Tuesday’s unsettled market moves came as earnings reporting season kicked off. Three of the nation’s biggest banks painted a mixed picture of how badly the coronaviru­s pandemic is ripping through their businesses.

“The earnings season is off to a very guarded start,” said J.J. Kinahan, chief market strategist at TD

Ameritrade.

He pointed to cautious forecasts from companies that see the economy possibly taking a step back because of worsening COVID-19 trends, or at least taking longer to recover than expected.

“The fact that they are prepared for bad scenarios is helping to give the market a little confidence,” he said.

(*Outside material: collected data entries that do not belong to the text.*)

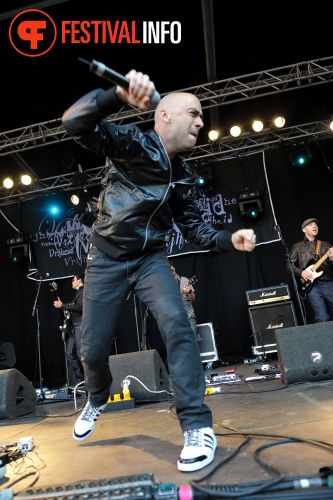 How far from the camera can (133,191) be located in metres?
2.13

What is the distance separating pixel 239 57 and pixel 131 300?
5266 mm

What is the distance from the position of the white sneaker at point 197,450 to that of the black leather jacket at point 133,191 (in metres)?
0.96

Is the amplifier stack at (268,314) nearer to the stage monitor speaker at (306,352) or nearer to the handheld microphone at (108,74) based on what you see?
the stage monitor speaker at (306,352)

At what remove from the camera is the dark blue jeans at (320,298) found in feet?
21.2

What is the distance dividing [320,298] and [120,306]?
5.08 metres

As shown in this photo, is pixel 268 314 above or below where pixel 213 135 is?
below

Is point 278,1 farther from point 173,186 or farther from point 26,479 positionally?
point 26,479

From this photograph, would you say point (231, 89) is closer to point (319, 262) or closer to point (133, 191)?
point (319, 262)

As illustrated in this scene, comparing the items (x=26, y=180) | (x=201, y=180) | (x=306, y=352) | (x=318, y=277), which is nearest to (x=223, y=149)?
(x=201, y=180)

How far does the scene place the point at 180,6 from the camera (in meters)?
5.85

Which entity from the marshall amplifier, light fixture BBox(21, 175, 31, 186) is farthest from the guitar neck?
light fixture BBox(21, 175, 31, 186)

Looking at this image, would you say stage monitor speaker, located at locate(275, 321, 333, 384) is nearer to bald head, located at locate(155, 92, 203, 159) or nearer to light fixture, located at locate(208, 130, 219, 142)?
bald head, located at locate(155, 92, 203, 159)

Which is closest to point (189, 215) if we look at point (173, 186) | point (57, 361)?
point (173, 186)

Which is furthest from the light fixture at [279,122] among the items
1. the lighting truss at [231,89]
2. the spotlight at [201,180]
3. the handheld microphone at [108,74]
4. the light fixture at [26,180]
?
the handheld microphone at [108,74] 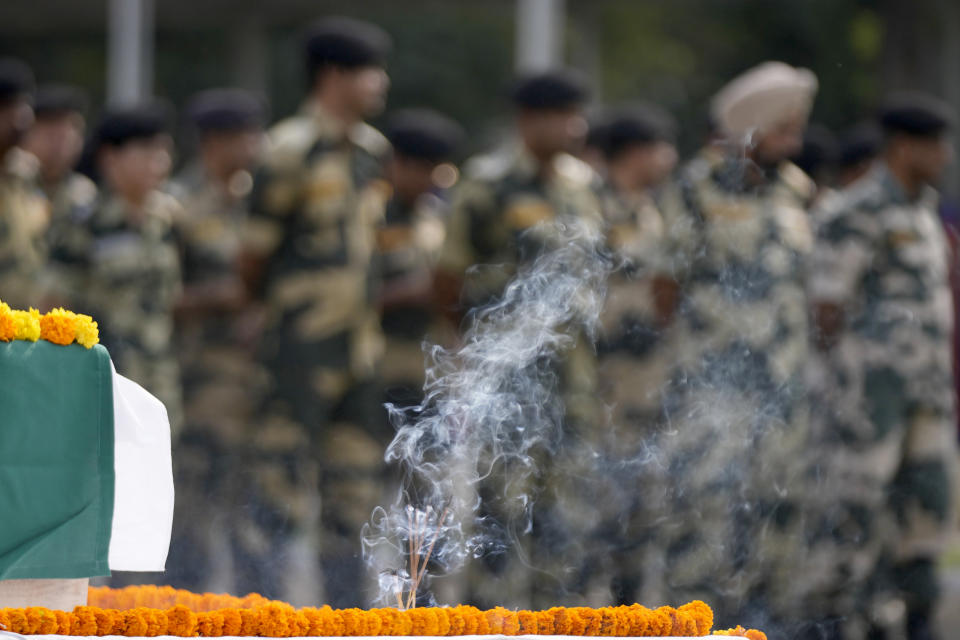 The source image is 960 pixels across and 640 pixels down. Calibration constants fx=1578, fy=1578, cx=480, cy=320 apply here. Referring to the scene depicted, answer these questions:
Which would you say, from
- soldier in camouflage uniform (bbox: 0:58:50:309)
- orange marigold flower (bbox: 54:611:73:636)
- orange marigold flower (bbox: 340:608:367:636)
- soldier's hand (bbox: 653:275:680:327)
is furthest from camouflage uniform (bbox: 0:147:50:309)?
orange marigold flower (bbox: 340:608:367:636)

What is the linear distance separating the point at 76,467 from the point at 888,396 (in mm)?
3976

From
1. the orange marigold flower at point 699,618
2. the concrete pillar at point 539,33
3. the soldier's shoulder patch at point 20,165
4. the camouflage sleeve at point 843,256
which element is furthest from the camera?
the concrete pillar at point 539,33

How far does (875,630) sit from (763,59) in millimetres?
12273

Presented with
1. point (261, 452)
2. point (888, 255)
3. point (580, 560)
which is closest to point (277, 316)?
point (261, 452)

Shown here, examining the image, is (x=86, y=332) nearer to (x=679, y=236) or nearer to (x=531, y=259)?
(x=531, y=259)

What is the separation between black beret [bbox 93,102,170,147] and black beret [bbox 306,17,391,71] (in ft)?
4.58

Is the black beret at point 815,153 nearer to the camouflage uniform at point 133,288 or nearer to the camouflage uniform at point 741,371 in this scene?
the camouflage uniform at point 741,371

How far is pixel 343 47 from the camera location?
20.2 ft

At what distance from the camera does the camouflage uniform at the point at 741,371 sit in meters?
5.80

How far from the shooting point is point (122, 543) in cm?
344

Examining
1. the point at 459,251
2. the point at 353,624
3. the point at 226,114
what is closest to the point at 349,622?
the point at 353,624

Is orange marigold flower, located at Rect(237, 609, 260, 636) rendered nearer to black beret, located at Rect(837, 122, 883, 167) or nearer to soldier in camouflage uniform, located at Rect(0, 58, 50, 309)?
soldier in camouflage uniform, located at Rect(0, 58, 50, 309)

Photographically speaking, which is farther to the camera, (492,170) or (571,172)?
(571,172)

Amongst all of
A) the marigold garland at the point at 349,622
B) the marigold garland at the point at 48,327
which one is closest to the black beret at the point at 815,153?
the marigold garland at the point at 349,622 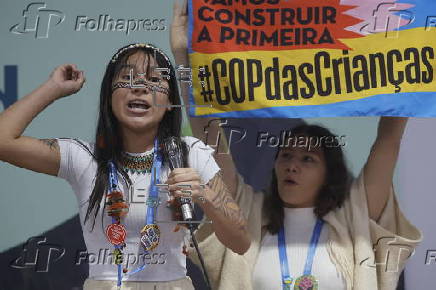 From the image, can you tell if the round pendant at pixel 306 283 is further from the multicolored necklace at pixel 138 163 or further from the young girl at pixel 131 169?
the multicolored necklace at pixel 138 163

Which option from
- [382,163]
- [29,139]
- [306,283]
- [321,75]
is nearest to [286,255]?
[306,283]

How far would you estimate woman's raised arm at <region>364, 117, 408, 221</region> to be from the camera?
109 inches

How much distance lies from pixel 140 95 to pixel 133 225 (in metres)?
0.38

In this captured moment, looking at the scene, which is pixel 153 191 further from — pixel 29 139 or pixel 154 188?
pixel 29 139

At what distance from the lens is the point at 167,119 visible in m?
2.11

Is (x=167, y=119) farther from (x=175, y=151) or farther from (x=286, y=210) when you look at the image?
(x=286, y=210)

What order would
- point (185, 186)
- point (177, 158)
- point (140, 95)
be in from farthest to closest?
1. point (140, 95)
2. point (177, 158)
3. point (185, 186)

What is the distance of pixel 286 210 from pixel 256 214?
12 centimetres

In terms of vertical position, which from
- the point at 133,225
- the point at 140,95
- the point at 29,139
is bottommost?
the point at 133,225

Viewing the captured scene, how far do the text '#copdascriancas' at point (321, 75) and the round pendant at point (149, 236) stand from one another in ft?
2.90

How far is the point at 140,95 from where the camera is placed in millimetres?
2062

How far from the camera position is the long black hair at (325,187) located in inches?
109

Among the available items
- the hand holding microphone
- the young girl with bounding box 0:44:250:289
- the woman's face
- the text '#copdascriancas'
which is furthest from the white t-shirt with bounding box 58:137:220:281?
the woman's face

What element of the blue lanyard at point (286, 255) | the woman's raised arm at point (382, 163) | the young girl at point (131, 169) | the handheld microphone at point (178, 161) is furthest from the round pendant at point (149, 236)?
the woman's raised arm at point (382, 163) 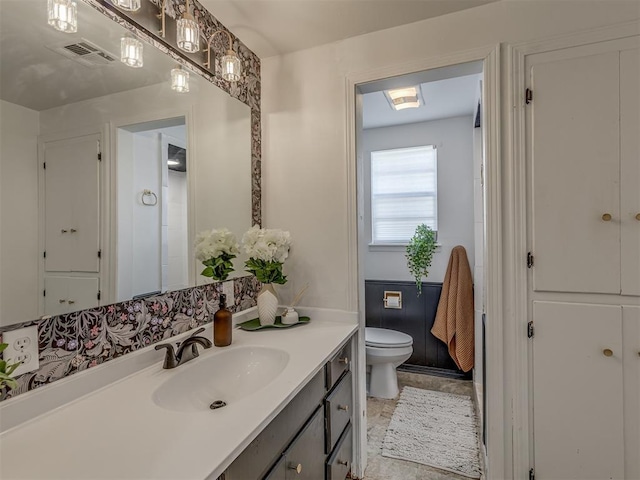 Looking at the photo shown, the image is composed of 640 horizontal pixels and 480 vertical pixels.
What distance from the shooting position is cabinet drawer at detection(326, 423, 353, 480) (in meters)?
1.32

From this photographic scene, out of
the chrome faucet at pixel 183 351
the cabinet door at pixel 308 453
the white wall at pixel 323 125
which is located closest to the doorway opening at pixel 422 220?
the white wall at pixel 323 125

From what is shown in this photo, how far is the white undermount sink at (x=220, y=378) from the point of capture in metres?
1.04

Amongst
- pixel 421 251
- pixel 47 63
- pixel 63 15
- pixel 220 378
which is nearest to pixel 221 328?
pixel 220 378

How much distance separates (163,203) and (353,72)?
1171 millimetres

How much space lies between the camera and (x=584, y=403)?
4.49ft

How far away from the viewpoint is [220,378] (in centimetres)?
123

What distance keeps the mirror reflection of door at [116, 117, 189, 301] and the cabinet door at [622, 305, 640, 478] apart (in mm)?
1833

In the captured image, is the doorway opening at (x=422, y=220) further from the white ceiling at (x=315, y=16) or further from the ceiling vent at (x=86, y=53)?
the ceiling vent at (x=86, y=53)

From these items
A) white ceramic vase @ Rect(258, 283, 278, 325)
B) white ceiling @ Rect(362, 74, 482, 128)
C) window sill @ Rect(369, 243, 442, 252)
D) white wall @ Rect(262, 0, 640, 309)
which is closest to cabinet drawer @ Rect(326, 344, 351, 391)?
white wall @ Rect(262, 0, 640, 309)

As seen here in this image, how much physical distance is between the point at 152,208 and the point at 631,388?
6.68 feet

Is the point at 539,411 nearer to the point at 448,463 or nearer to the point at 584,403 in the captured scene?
the point at 584,403

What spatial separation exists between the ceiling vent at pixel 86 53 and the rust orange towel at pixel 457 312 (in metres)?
2.65

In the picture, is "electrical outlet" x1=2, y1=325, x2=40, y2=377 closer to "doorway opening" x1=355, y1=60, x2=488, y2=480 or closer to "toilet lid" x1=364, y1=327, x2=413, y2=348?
"toilet lid" x1=364, y1=327, x2=413, y2=348

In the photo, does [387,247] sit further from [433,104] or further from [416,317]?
[433,104] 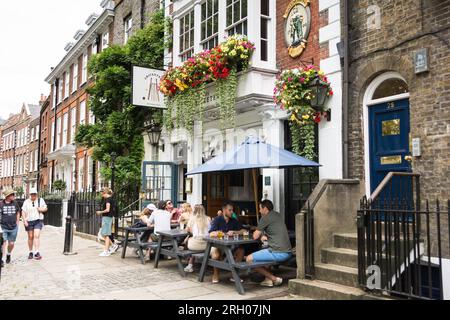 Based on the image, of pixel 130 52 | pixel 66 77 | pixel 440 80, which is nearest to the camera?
pixel 440 80

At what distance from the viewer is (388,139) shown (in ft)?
23.9

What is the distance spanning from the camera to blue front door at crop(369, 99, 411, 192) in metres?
7.00

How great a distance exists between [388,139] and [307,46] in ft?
9.16

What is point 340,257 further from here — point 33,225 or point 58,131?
point 58,131

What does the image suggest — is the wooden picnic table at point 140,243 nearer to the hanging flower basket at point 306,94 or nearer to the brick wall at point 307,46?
the hanging flower basket at point 306,94

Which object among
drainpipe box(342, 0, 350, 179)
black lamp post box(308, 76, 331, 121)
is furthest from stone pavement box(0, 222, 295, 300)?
black lamp post box(308, 76, 331, 121)

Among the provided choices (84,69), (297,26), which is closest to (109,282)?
(297,26)

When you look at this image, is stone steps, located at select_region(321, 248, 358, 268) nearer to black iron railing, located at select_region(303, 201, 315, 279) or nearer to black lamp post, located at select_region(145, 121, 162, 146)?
black iron railing, located at select_region(303, 201, 315, 279)

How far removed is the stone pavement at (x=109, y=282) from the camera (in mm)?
6422

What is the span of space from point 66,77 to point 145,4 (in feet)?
47.3

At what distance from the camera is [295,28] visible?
29.8ft

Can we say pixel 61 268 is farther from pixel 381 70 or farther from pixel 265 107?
pixel 381 70

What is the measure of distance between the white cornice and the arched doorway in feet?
55.1

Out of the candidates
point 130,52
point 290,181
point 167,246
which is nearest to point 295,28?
point 290,181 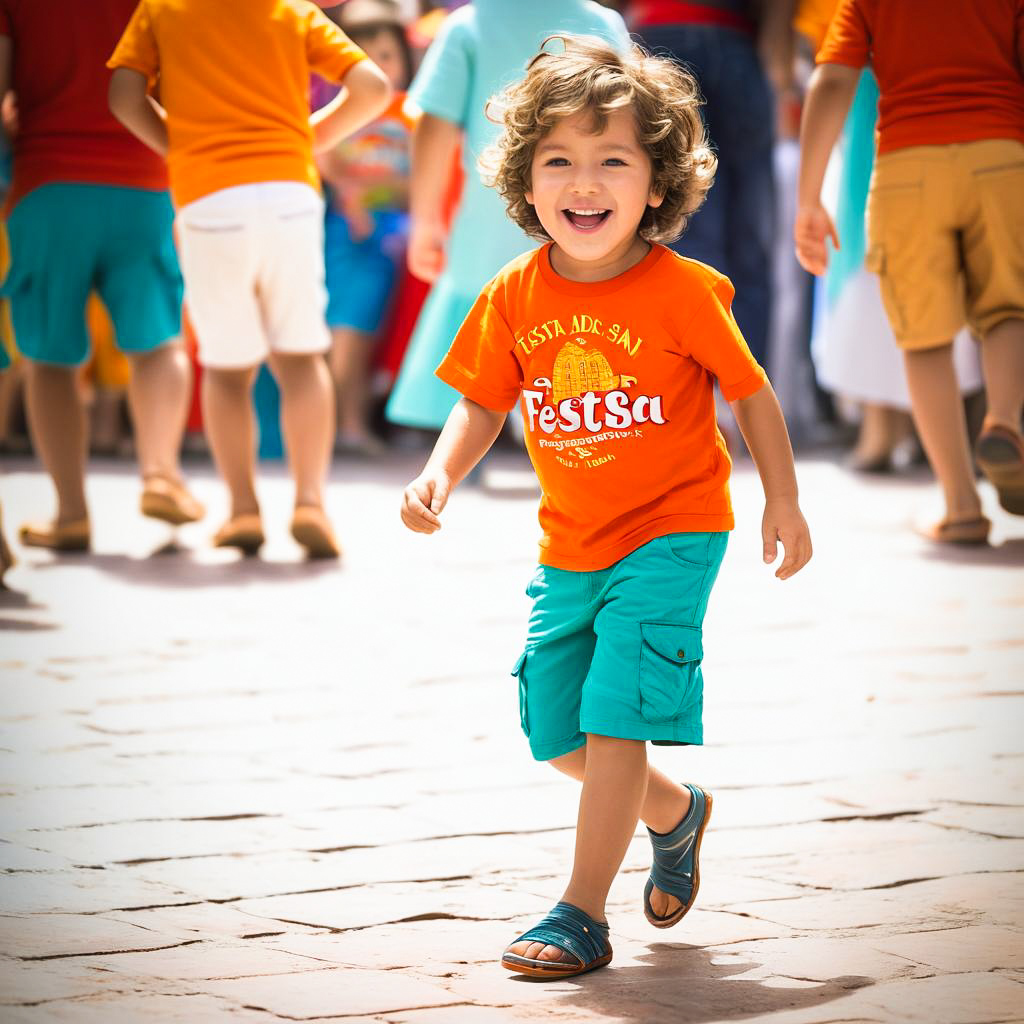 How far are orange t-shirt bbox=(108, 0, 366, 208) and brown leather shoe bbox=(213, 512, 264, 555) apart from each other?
97 centimetres

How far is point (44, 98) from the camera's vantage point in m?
4.61

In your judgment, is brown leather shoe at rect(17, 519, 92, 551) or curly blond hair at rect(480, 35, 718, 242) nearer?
curly blond hair at rect(480, 35, 718, 242)

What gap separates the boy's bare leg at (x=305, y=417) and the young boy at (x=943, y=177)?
62.0 inches

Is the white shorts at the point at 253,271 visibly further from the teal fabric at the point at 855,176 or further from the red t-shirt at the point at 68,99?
the teal fabric at the point at 855,176

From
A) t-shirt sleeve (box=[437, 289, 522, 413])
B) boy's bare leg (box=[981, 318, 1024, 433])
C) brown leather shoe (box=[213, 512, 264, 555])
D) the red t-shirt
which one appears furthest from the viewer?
brown leather shoe (box=[213, 512, 264, 555])

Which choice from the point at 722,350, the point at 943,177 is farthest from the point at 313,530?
the point at 722,350

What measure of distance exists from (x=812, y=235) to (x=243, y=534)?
6.76 feet

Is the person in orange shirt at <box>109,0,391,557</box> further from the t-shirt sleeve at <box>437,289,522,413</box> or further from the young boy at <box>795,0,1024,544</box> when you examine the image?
the t-shirt sleeve at <box>437,289,522,413</box>

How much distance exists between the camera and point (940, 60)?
3.67 metres

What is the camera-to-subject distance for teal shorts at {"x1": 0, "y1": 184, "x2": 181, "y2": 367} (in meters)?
4.77

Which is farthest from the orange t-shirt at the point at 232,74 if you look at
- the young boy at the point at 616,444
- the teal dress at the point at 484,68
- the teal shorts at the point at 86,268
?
the young boy at the point at 616,444

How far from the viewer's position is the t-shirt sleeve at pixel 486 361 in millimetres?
2471

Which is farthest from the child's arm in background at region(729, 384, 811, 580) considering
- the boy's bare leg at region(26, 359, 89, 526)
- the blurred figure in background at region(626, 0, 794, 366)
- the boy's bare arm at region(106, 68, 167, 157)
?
the blurred figure in background at region(626, 0, 794, 366)

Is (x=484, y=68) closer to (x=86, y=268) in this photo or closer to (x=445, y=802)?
(x=86, y=268) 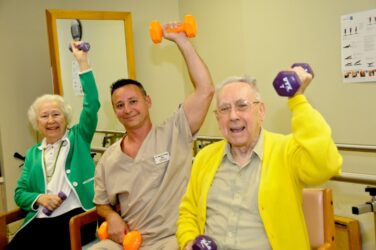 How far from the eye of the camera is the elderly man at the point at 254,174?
1.33 meters

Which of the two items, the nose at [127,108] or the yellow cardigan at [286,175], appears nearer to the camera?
the yellow cardigan at [286,175]

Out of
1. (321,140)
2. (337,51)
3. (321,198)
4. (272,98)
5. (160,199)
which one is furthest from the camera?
(272,98)

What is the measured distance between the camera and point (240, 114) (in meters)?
1.57

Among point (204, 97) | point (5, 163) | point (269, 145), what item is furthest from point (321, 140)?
point (5, 163)

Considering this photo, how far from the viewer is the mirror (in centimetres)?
303

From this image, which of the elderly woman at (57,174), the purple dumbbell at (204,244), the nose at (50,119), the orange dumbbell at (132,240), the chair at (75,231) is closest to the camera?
the purple dumbbell at (204,244)

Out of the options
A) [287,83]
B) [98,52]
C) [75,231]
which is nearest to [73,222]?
[75,231]

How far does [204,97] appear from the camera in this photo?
200 centimetres

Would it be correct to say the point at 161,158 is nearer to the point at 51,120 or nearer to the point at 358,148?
the point at 51,120

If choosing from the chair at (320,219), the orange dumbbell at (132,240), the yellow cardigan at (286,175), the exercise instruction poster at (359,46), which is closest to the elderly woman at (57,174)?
Result: the orange dumbbell at (132,240)

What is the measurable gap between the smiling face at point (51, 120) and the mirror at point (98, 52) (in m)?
0.55

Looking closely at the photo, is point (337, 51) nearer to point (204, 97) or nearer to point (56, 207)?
point (204, 97)

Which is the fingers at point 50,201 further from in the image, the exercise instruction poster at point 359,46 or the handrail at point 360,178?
the exercise instruction poster at point 359,46

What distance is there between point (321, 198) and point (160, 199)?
0.74 m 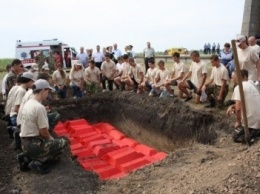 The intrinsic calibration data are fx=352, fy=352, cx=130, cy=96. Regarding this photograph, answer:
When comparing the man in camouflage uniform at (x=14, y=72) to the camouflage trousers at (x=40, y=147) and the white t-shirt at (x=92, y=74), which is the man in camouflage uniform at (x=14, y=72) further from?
the white t-shirt at (x=92, y=74)

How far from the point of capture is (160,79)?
38.7 ft

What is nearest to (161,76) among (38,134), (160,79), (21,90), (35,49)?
(160,79)

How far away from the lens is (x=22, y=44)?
89.6 feet

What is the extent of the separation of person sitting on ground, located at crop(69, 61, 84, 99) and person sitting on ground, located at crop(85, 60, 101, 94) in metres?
0.38

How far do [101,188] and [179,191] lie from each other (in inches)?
56.3

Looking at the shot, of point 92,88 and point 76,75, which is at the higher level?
point 76,75

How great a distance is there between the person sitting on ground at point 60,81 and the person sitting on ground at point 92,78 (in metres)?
0.93

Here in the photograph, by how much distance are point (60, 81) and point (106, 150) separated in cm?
→ 495

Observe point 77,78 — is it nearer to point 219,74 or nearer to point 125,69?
point 125,69

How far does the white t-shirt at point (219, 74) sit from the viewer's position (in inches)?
378

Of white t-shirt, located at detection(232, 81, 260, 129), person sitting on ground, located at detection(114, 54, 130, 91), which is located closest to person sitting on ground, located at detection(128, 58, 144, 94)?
person sitting on ground, located at detection(114, 54, 130, 91)

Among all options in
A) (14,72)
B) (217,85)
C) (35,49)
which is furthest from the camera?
(35,49)

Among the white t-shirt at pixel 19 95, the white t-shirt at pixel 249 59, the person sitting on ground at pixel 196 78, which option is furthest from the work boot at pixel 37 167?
the person sitting on ground at pixel 196 78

Like the broader market, financial stocks drifted between gains and losses for much of the day before turning higher in the afternoon. JPMorgan Chase, Wells Fargo and Citigroup said they collective­ly set aside nearly $27 billion during the second quarter to cover loans potentiall­y going bad due to the recession.

Delta Air Lines lost 2.6% after its earnings and revenue for the latest quarter fell short of Wall Street’s already very low expectatio­ns. The pandemic is keeping fliers on the ground, and Delta’s passenger count plunged 93% during the quarter from a year earlier. CEO Ed Bastian said it could be two years before the airline sees a sustainabl­e recovery.

Stocks have been mostly churning in place since early June. That’s when the S&P 500 pulled back within 4.5% of its record high set in February, after earlier being down nearly 34%. The index is now 5.6% below its record.